## TASK DETAILS
From the first line to the last, repeat the data exactly but leave out the pictures.
+-------+
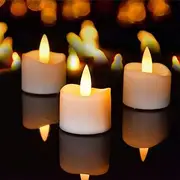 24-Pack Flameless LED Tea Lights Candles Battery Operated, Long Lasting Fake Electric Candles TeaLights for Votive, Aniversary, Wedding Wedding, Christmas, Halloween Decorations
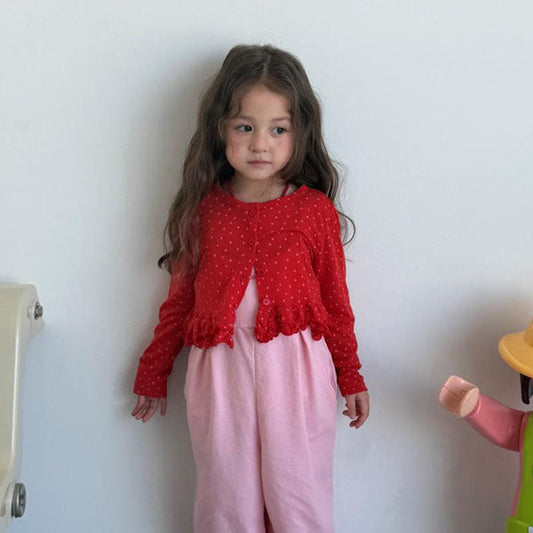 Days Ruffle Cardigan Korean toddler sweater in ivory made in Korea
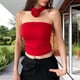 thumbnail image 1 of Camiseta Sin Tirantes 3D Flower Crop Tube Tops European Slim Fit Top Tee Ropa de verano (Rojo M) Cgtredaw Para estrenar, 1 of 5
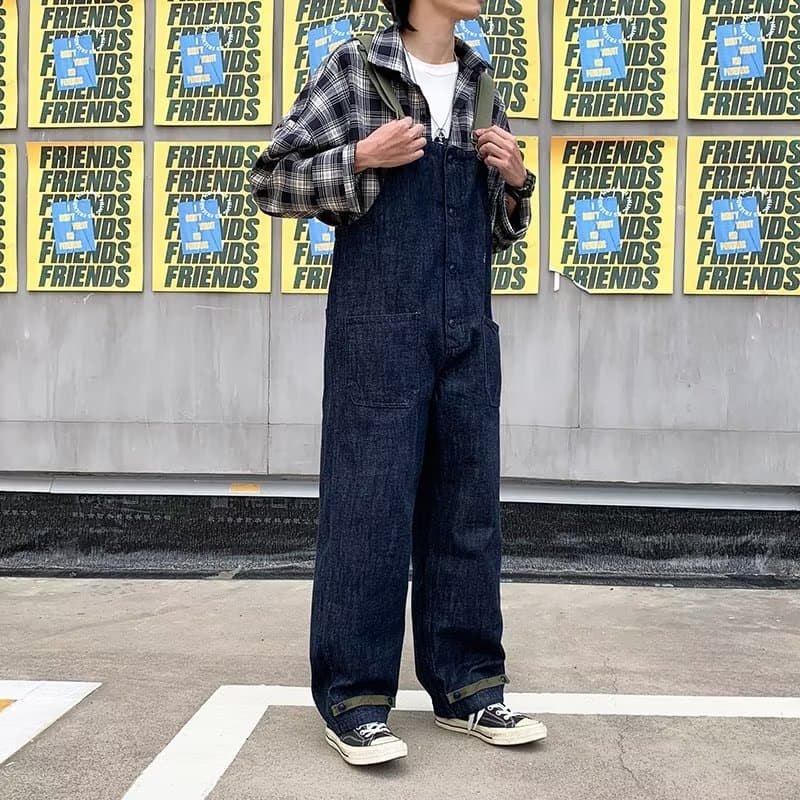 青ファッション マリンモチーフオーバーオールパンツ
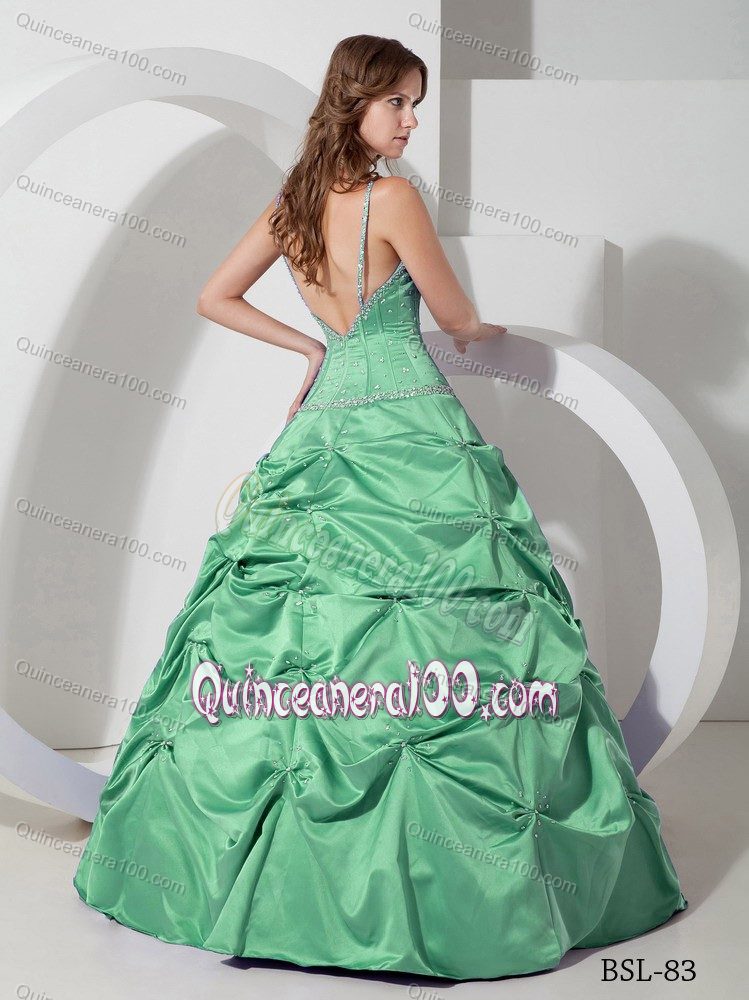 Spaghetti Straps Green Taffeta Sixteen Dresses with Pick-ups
+-------+
## FINISHED EXERCISE
 24-Pack Flameless LED Tea Lights Candles Battery Operated, Long Lasting Fake Electric Candles TeaLights for Votive, Aniversary, Wedding Wedding, Christmas, Halloween Decorations
 Days Ruffle Cardigan Korean toddler sweater in ivory made in Korea
 thumbnail image 1 of Camiseta Sin Tirantes 3D Flower Crop Tube Tops European Slim Fit Top Tee Ropa de verano (Rojo M) Cgtredaw Para estrenar, 1 of 5
 青ファッション マリンモチーフオーバーオールパンツ
 Spaghetti Straps Green Taffeta Sixteen Dresses with Pick-ups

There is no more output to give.